Nothing like big bags of snail mail from lot’s and lot’s of supporters who want the President to see bag’s and bag’s of mail from people who support a public option.
Blue letter week is starts Monday Aug 24th.
( Monday Aug 31 is the delivery goal.)
Send a regular snail mail letter with the words:
“I want a public option” on the back of the envelope.
President Obama
The White House
1600 Pennsylvania Ave NW
Washington, DC 20500
One letter and one stamp x 3 million people will get the point across.
Pass it along.
um…you might want to rethink the snail mail gig…as a result of 9/11 and the anthrax episode, all congressional and administration mail goes to a federal contractor for testing and clearance.
last l heard, it takes about three months…it’ll be over by then…hopefully.
l’ve also heard this recently from my rep’s office.
Agreed – send faxes. They are read pretty quickly.

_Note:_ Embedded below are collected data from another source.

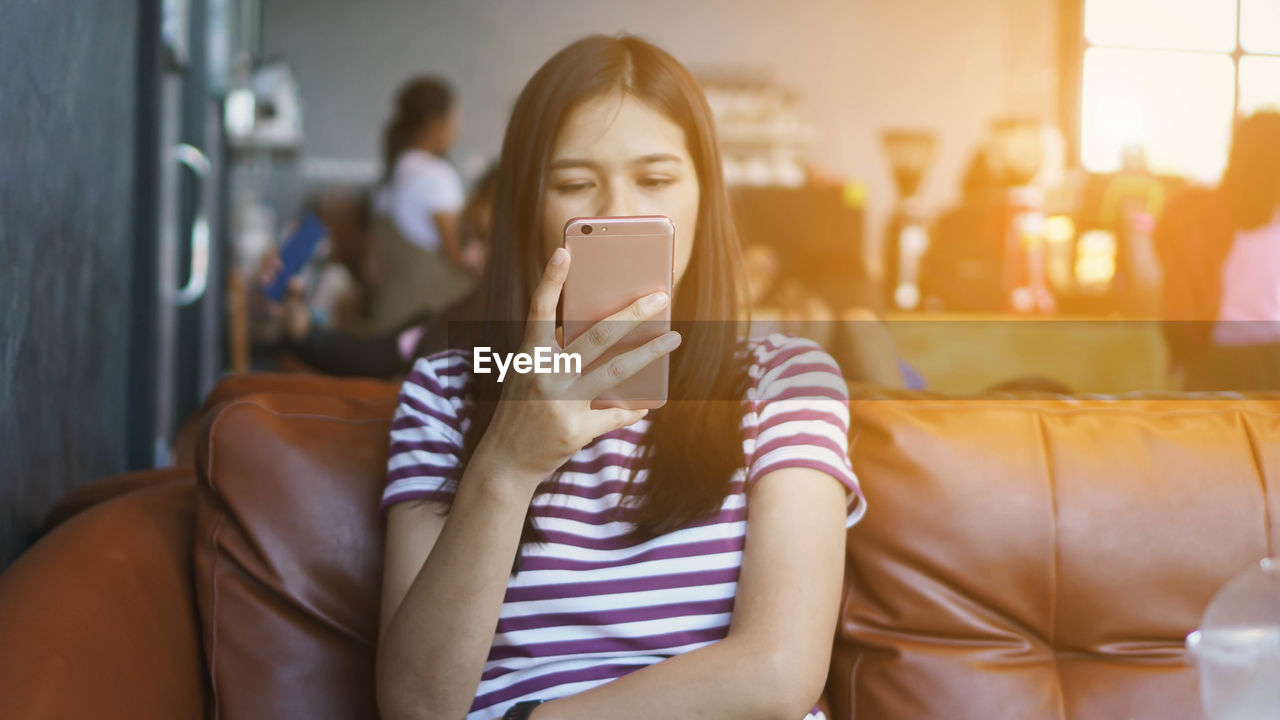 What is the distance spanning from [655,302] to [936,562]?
496 millimetres

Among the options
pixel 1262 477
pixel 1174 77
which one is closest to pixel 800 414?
pixel 1262 477

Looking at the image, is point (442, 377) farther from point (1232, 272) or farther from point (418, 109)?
point (418, 109)

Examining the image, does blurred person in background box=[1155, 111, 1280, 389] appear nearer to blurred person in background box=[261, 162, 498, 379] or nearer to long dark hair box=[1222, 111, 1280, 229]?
long dark hair box=[1222, 111, 1280, 229]

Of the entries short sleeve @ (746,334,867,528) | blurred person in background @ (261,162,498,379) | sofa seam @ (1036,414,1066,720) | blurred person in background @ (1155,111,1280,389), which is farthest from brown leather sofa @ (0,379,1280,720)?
blurred person in background @ (1155,111,1280,389)

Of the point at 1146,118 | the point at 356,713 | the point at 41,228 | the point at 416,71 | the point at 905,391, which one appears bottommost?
the point at 356,713

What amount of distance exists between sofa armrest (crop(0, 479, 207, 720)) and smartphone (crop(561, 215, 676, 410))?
460mm

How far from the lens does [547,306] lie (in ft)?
2.30

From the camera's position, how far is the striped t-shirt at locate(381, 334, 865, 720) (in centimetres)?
91

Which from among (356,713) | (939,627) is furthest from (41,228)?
(939,627)

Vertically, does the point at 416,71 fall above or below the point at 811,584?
above

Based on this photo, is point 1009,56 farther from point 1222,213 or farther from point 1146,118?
point 1222,213

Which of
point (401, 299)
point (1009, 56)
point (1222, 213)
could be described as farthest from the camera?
point (1009, 56)

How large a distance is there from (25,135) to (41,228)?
0.43 feet

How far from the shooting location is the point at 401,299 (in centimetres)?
327
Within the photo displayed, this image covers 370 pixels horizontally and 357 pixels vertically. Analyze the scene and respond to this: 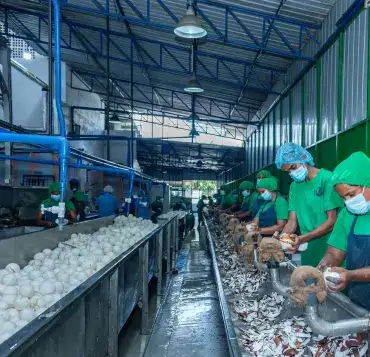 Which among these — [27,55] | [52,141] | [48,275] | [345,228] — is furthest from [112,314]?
[27,55]

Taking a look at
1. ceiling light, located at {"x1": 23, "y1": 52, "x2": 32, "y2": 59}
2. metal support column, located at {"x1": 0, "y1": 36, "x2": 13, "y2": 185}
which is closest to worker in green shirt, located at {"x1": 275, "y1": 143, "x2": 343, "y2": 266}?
metal support column, located at {"x1": 0, "y1": 36, "x2": 13, "y2": 185}

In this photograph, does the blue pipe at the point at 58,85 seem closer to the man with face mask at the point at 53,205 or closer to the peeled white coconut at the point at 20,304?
the peeled white coconut at the point at 20,304

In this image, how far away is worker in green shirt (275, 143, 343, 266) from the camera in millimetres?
3039

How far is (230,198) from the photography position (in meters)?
12.3

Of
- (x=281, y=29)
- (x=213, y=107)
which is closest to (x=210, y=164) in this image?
(x=213, y=107)

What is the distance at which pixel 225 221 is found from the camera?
7.90 m

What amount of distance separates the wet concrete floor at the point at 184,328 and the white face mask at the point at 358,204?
232cm

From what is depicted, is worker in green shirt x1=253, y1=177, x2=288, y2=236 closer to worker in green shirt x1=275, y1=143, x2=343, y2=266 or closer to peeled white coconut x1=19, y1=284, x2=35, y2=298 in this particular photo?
worker in green shirt x1=275, y1=143, x2=343, y2=266

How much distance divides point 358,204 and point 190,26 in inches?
149

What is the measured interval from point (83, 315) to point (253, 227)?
8.25 feet

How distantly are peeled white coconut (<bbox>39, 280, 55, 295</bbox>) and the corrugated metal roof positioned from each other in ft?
18.2

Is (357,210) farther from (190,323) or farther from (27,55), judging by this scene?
(27,55)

And btw – if you wanted government to serve the elite more and the people less, putting a scare on snail mail was a really great idea, wasn’t it?
heh…serendipitous, no? funny how that worked out…not.
Nice idea, but your timing won’t work. They are still stuck with post anthrax scare letter sweeps. That means the blue letters won’t get there till probably mid September. Way too late. The White House comment line operators requested faxes. Perhaps honor that request.
All veterans are NOT covered. Members of the Armed Forces that serve long enough to retire (normally 20 or more years) are covered by Tricare. Veterans that got discharged with a disability are eligible for care from the Veteran’s Administration.
But, a person who, say, only served one 4 year enlistment and got out health is not covered by yhe VA or federal gov’t by virtue of the fact s/he is a vet.
There is a five-year coverage plan:
You are, of course, generally correct. However, there is an exception: Any vet can show up with their discharge papers at a VA hospital ER and be immediately admitted without hesitation. If their medical emergency can later be determined to be “service-related,” then they only pay for their ER care and on-going treatments based on a reasonable percentage of their income. The VA’s definition of “service-related” is generously broad when applied to combat vets.
This has all been so obvious to me. Why did it take Anthony Weiner to explain it so that people like Joe Scarborough could understand?
he’s very concise and clear – loved his example of the house burning down
The more I read garbage like this, the angrier I become.